As the rate of descent in dry bulk freight rates decreases, some much needed stability has penetrated the spot market, and in some cases even reverted the declines experienced in the last few days. We remain of the view that soon spot rates will turn higher, and the combination of a number of bullish factors will tighten the market again as we head into the final four months of the year.
Still, at the moment, the spot market is not ready for a significant rally. The recent drop in Capesize rates from the mid-30,000 down to the mid-teens in a matter of a few weeks, was a mini shock to market participants and a period of consolidation is needed to reestablish confidence.

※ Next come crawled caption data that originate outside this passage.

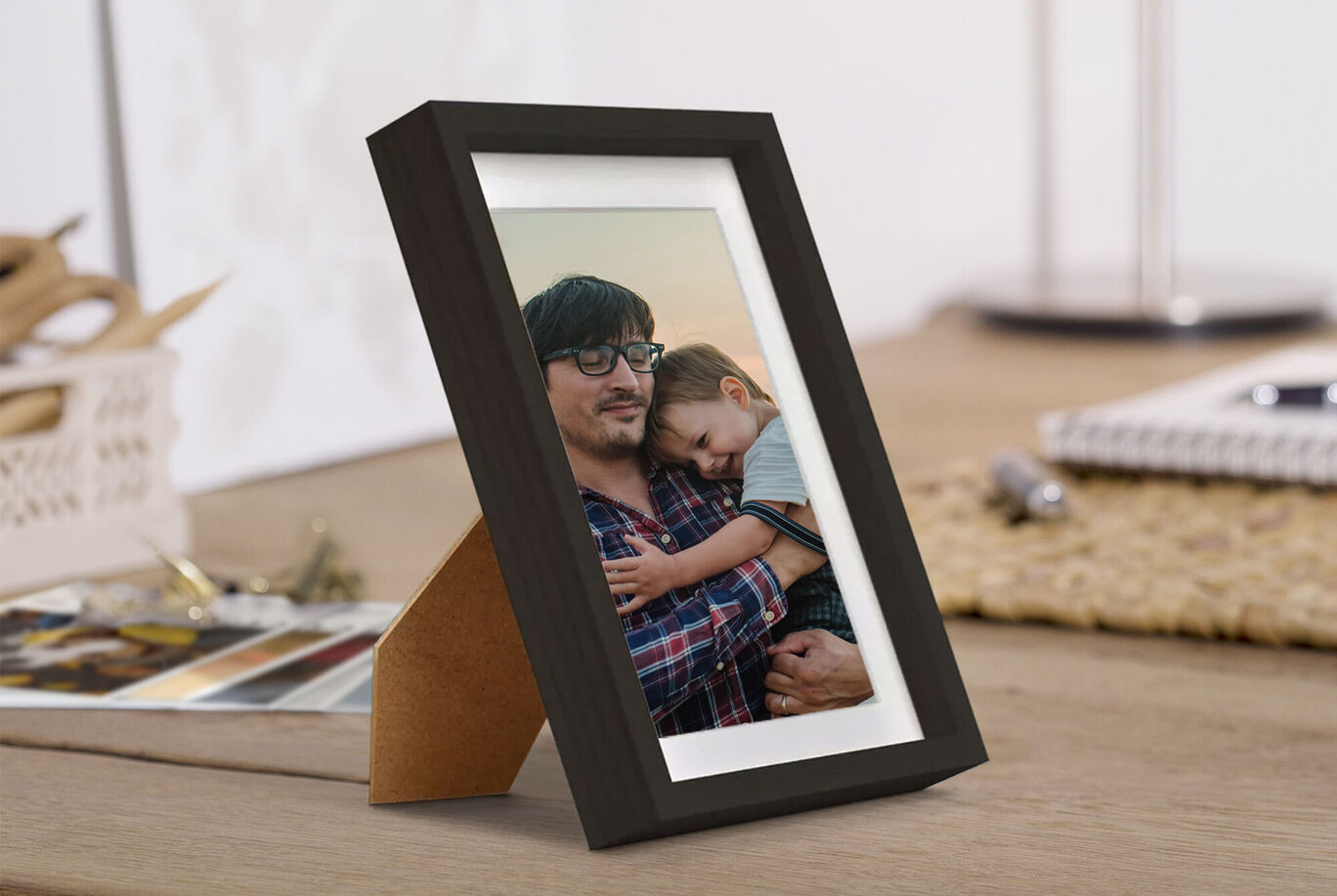 Una foto amorosa en un marco negro que muestra a un padre con su hijo. Irradia alegría y cercanía.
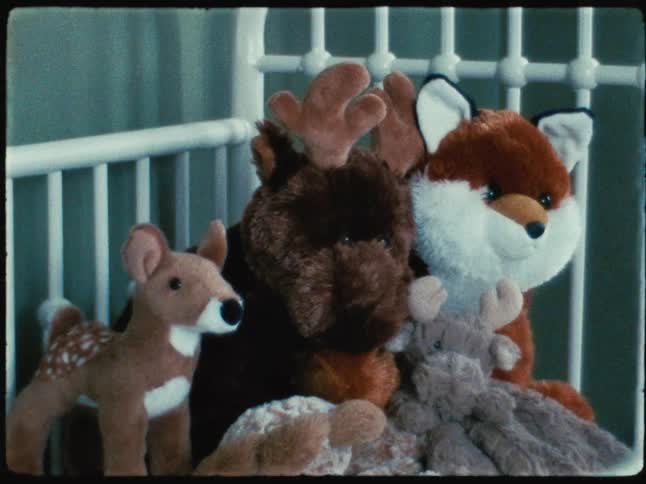 Stuffed animals piled in the corner of a white crib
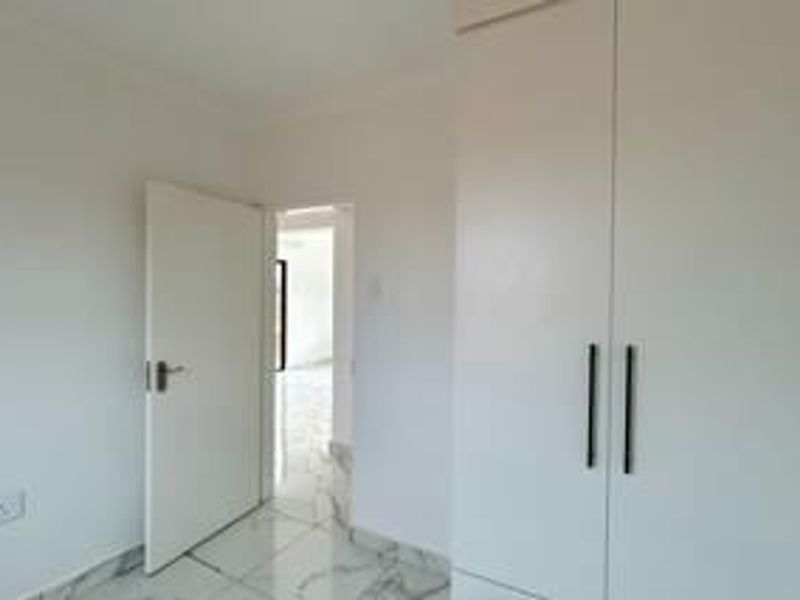 A clean, empty bedroom featuring modern white built-in cupboards and light-colored tiled flooring with a marble-effect finish.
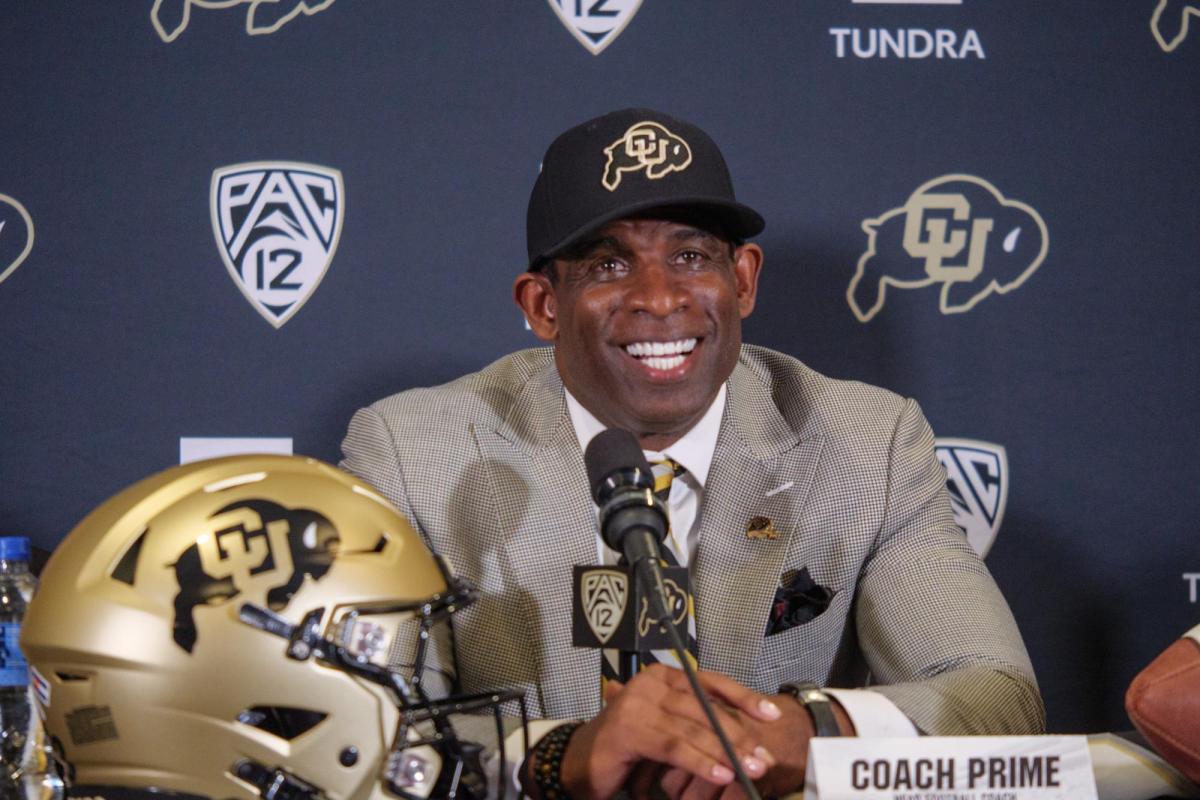 Deion Sanders (Coach Prime), smiles during a humorous moment during the press conference announcing his hiring as University of Colorado football teamÕs 28th head coach at the Touchdown Club at Folsom Field on December 4, 2022. (Photo by Glenn Asakawa/University of Colorado)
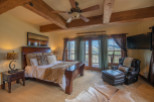 Luxurious mountaintop bedroom with stunning views.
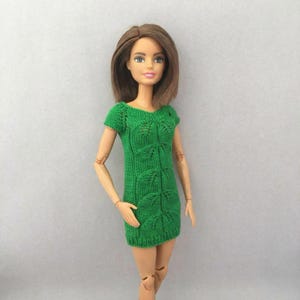 Può includere: Una bambola indossa un vestito verde a maniche corte lavorato a maglia con un motivo a foglie. L'abito ha uno scollo a V e una silhouette aderente. La bambola ha i capelli castani ed è su uno sfondo neutro.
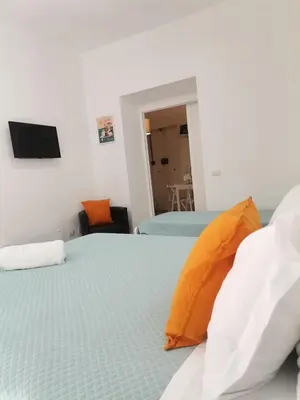 a bedroom with two beds with an orange pillow at Cozy Home Medaglie d'Oro in Rome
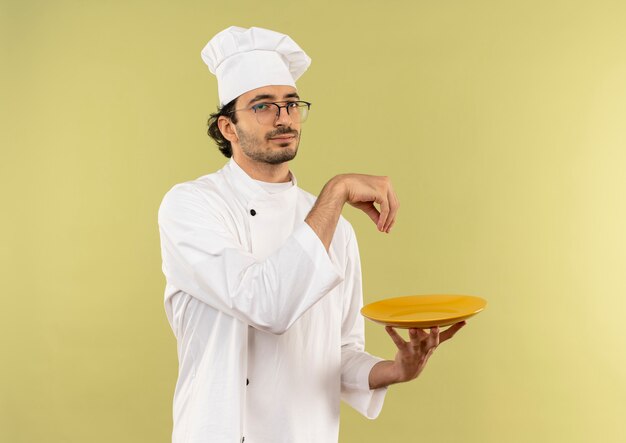 Macho joven cocinero vistiendo uniforme de chef y gafas sosteniendo la placa y fingiendo derramar sal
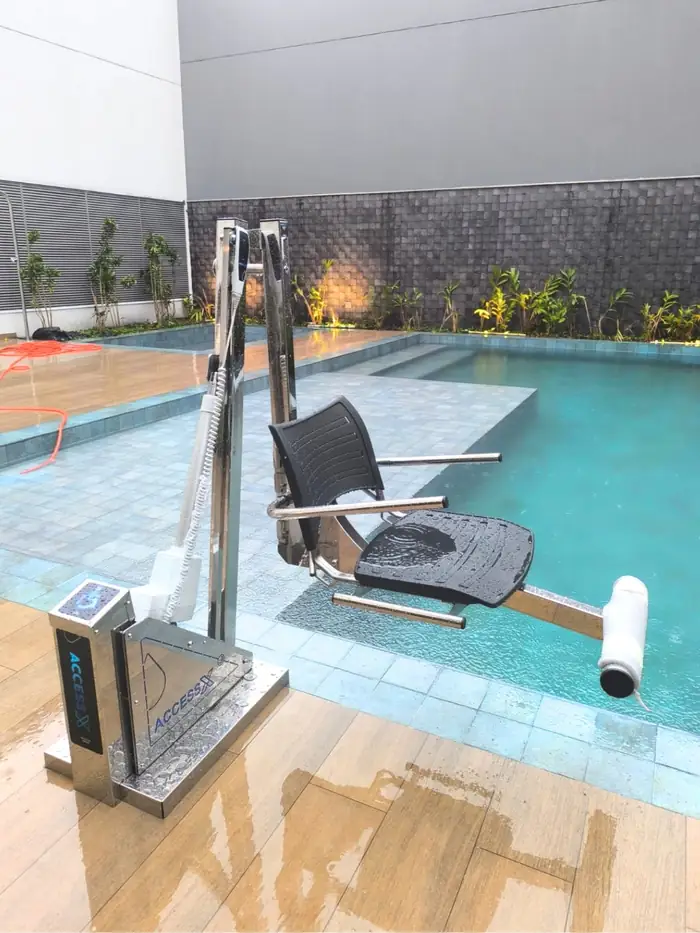 Cadeira de transferência para piscina ao lado de deck de madeira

Yet, the factors that pushed the market to recent highs are still there, and all that is needed is some increase on the demand side, i.e. higher shipments. Bloomberg today provides some additional color on the demand side, taking a broader view on the Chinese economy and what that might mean for dry bulk rates:
“…Another positive signal is the surge in the prices of Chinese building equities, as local-government stimulus measures kick in and the nation starts rebuilding after devastating floods. China’s CSI 300 Materials Index gained 20% over the past month, compared with a 10% advance for the CSI 300.”
Yet, in an idiosyncratic market like dry bulk, one should look a bit deeper than just the macro picture.
Take for instance congestion. As Braemar mentioned last week, congestion is at record levels, reflecting surging iron ore arrivals, COVID-19 related crewing delays, as well as vessels queuing for quotas in the instances of coal cargoes. The chart below shows such a development, which is still aiding the supply side of the dry bulk market.
Another factor that affected spot rates early in July, there was the significant disconnect between the Atlantic spot rates and the Pacific spot rates (the chart below show the 5-year average net difference between the two vs 2020), that has now more or less corrected. Over short periods of time, the two markets can divert as positional tightness is causing such dislocations. However, as owners reposition their vessels to take advantage of the higher freight rates, such dislocations tend to correct. Usually, at relatively high rates, the correction tends to penalize the tighter market and, as we have seen, the Pacific market that led the recent rally also experienced the most dramatic drop late last week.
Atlantic Spot Rates minus Pacific Spot Rates
Finally, summer is usually a slow period for the financial markets and dry bulk is no exception. However as we enter August, time and again the instincts of freight traders come back into action, and with September stems on the horizon, more activity has historically translated to higher rates. Will this time be any different?